SNAP and HDFS

Hi there,

I was wondering whether anyone had managed to use the SNAP Engine with Hadoop, I’m trying to access files via HDFS to open with ProductIO.readProduct() but I’m having no such luck. The method takes in a Java File object but I’m struggling to go from HDFS -> File -> SNAP.

Many thanks for any help :slight_smile:
Ciaran

We use Hadoop on our Calvalus cluster too.
Most of our readers can’t utilise an InputStream and this is what you get from HDFS, so I understand your problem.
So we have a little utility class which copies the file from HDFS to the local node into a temporary directory and then we feed this local file copy into SNAP. When the processing is done we clean up the temporary dir.
Works pretty good.

Interesting, I was wondering whether to just do a File.createTempFile() and go from there, do I need to save it as a specific format?

I was getting a null return from ProductIO.readProduct(), unfortunately it’s a bit of a pain debugging from IntelliJ onto our cluster…

A specific format is not needed. But the file name and its extension is important for several readers. Therefor the createTempFile method will not work.

If the read method returns null it means in most cases that the format is not supported and maybe a plugin is missing.
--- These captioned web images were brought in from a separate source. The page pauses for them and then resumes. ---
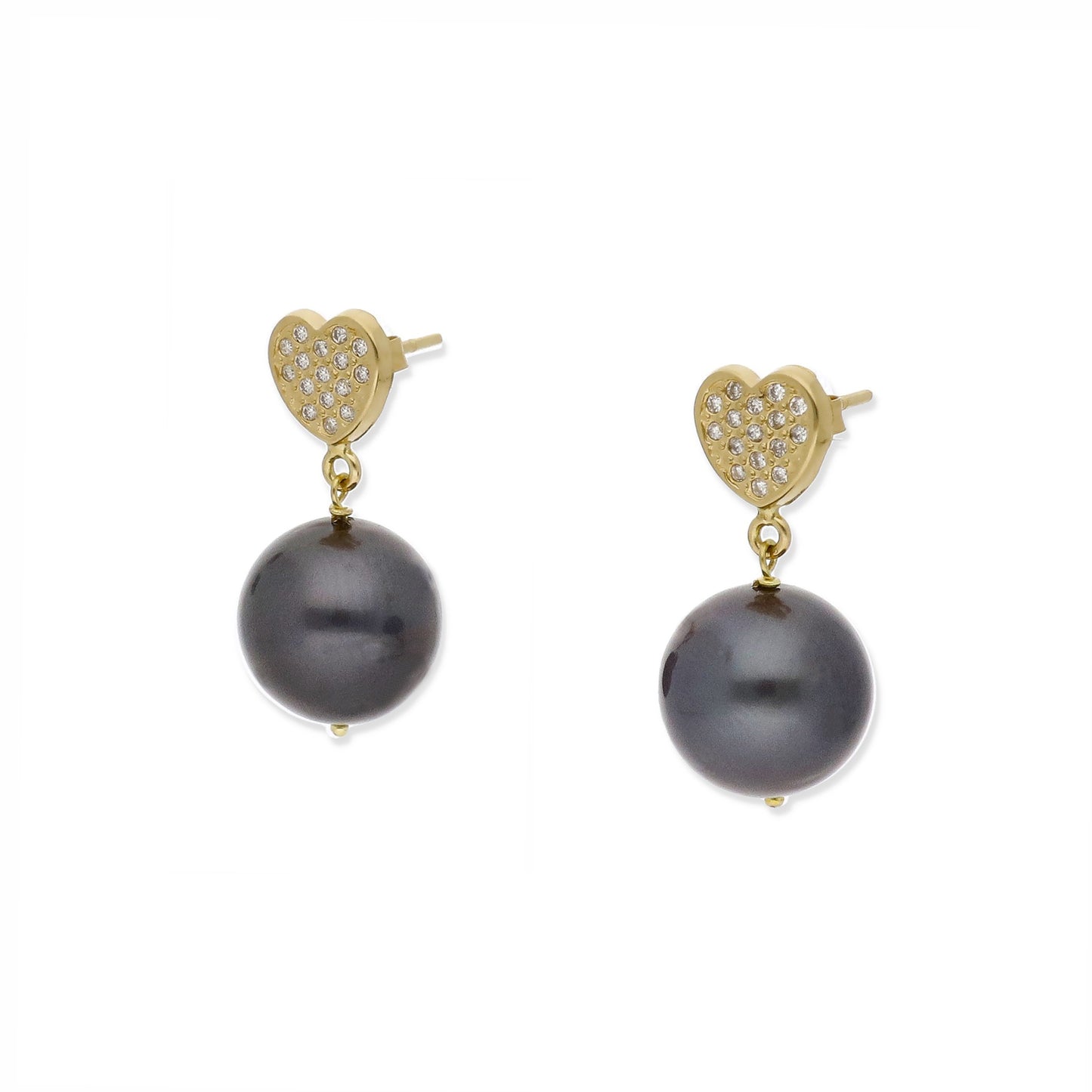 Pendientes Corda en Oro de Ley 18K con Corazón de Diamantes y Perlas Tahití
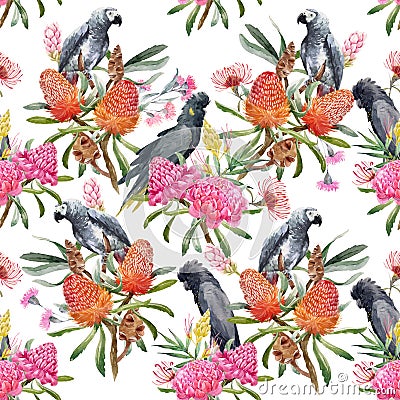 Watercolor tropical australian vector pattern Vector Illustration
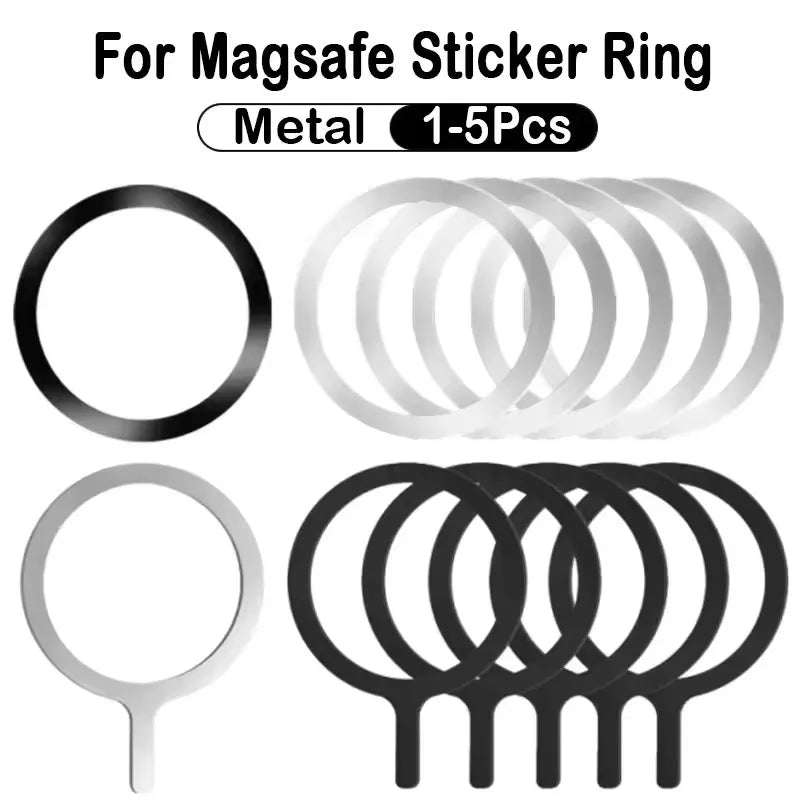 10/5/1PCS Thin Magnetic Metal Plate Ring For Magsafe Wireless Charger Iron Sheet Sticker Magnet Car Phone Holder Universal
Maybe because if the tempFile.

1 Like

Ah that would explain it, just tried using this:

  val inputStream: InputStream = FileUtils.openInputStream(new File("/home/ciaran/scala/resources/" +
    "S1A_IW_GRDH_1SDV_20161221T174100_20161221T174125_014481_017804_91CB.zip"))
  var productFile: File = File.createTempFile("S1A_IW_GRDH_1SDV_20161221T174100_20161221T174125_014481_017804_91CB",
    ".zip")
  FileUtils.copyInputStreamToFile(inputStream, productFile)
  val product = ProductIO.readProduct(productFile)
  productFile.delete()
  println(product.getDisplayName)

This prints out the correct display name :slight_smile: (Also apologies, it’s technically /not/ Java, messing around with Scala atm)

Thanks again @marpet!

@marpet, sorry for all the questions!

I’ve managed to get past the file issue, I’m now experiencing a similar issue to before where the operators I need are not available, yet locally it runs OK.
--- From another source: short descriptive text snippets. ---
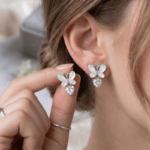 Fashion White Butterfly and Heart Drop Earrings for Women and Teen Girls, Dainty Opal-Like Rhinestone Dangle Jewelry,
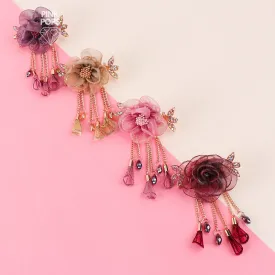 Organza Flower With Studded Stones Hair Clips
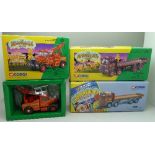 A Corgi Classics Chipperfields Circus truck and two The Showman's Range trucks, boxed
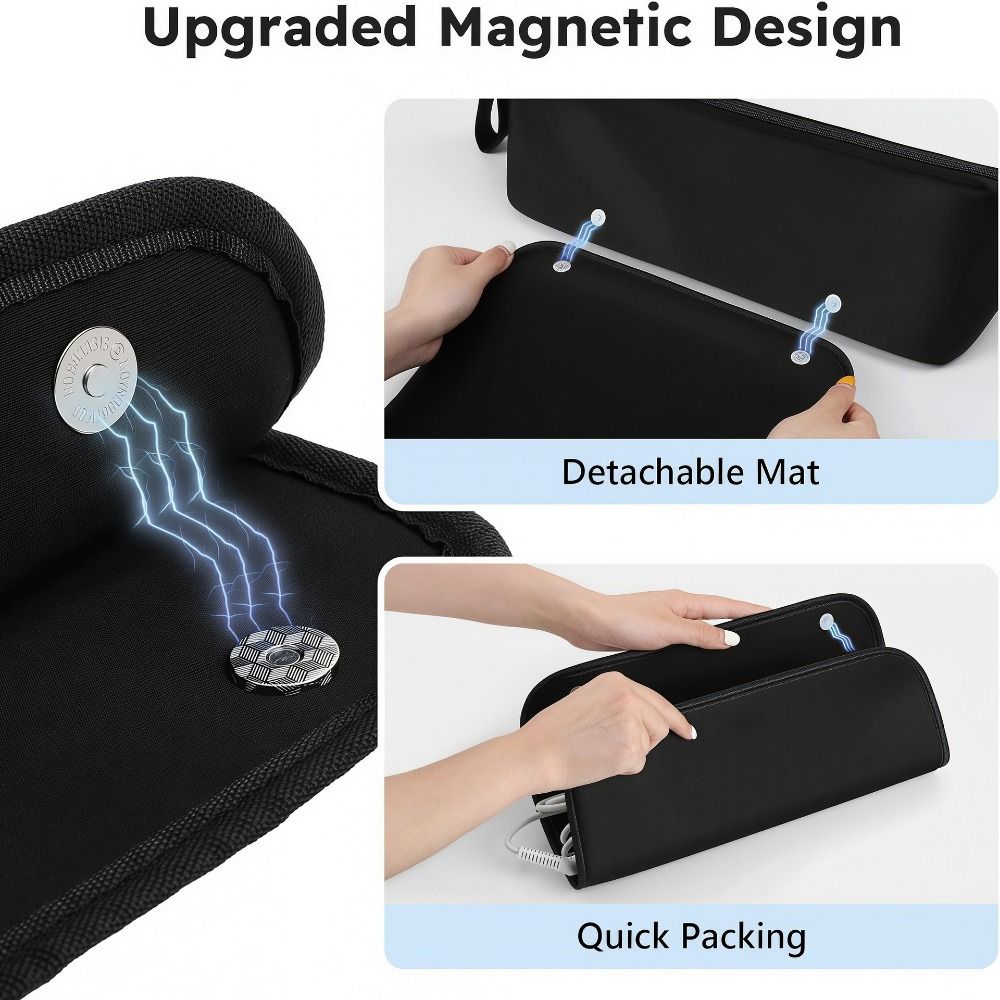 Foldable Magnetic Curler Storage Bag Large Capacity Curling Iron Carrying Case  Travel Use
Do you do anything to ensure the operators are available up in Hadoop ‘world’?

No problem. It’s good to see that SNAP is in use.
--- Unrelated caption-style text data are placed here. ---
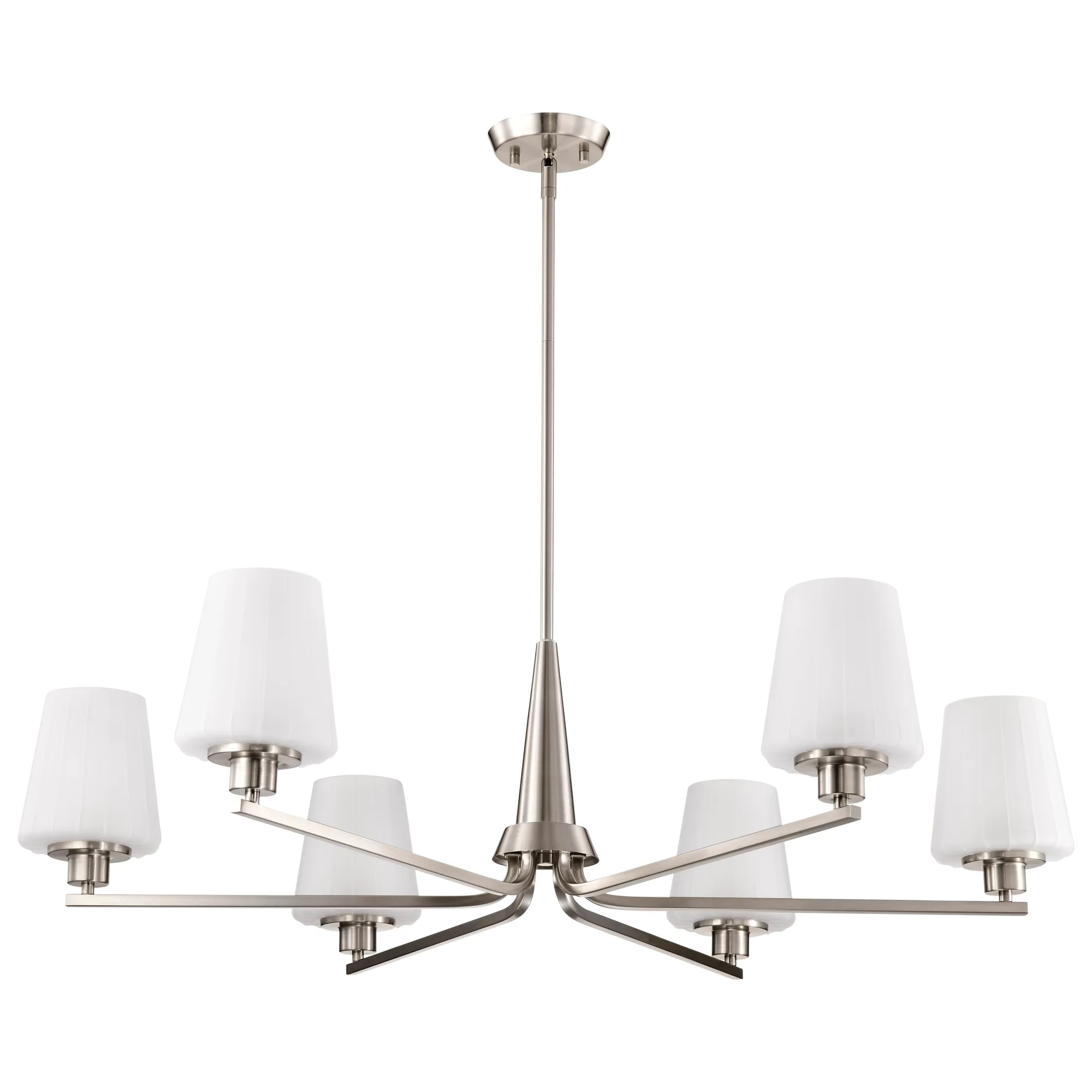 Lune 6-Light Chandelier in Brushed Nickel with Etched White Glass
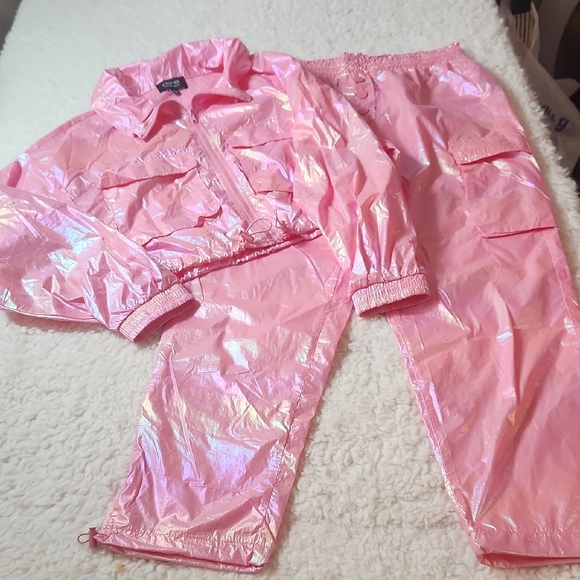 NWOT C'est Toi Pink Iridescent Jacket Sz L and Joggers Sz M - Picture 1 of 15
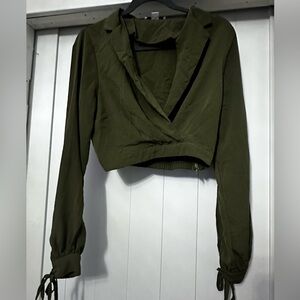 Green Cropped Long Sleeve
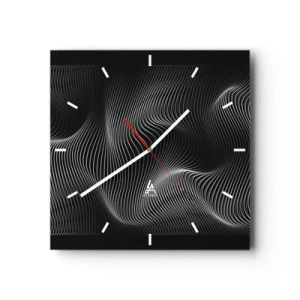 Relógio de parede - Relógio em vidro - Dança de luz no espaço - 30x30 cm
You can try the following:

GPF.getDefaultInstance().getOperatorSpiRegistry().loadOperatorSpis()

Actually this is done automatically since SNAP 5.0.
But you can investigate which operators are available:

GPF.getDefaultInstance().getOperatorSpiRegistry().getOperatorSpis()

As far as I know (I’m not one of the main developer of our cluster) all jars are in one directory and we put them on the class path. So actually not different to the local use case.

Interesting, its strange that they seem to not be available as soon as I run it on Hadoop, for reference I had to do this to get them working locally, I didn’t seem to manage to get it running automatically.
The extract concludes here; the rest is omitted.